> [What you need to do]
Copy word for word, please, the lines of the entries below running from the one containing "A historical headline." to the one containing "Notes MOLESKINE 2026, L, 13x21cm, w", both ends included.

-------- Task material --------

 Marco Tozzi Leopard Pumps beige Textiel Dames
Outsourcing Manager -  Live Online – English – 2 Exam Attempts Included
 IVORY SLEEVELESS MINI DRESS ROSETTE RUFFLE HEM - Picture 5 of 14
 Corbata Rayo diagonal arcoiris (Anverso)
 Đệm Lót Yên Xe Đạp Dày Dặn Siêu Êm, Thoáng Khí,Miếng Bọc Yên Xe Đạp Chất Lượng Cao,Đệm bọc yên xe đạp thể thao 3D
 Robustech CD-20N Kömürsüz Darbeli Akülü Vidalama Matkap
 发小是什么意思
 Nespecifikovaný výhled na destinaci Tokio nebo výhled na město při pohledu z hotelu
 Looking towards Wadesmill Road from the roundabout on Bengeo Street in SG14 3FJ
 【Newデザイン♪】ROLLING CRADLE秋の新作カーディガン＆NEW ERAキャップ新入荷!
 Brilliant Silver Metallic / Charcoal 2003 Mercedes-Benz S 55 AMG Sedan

--------
-------- Task material --------

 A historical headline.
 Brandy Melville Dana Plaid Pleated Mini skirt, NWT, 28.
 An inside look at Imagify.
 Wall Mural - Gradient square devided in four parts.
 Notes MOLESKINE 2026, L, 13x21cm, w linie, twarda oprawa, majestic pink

--------

> [Worked solution]
 A historical headline.
 Brandy Melville Dana Plaid Pleated Mini skirt, NWT, 28.
 An inside look at Imagify.
 Wall Mural - Gradient square devided in four parts.
 Notes MOLESKINE 2026, L, 13x21cm, w linie, twarda oprawa, majestic pink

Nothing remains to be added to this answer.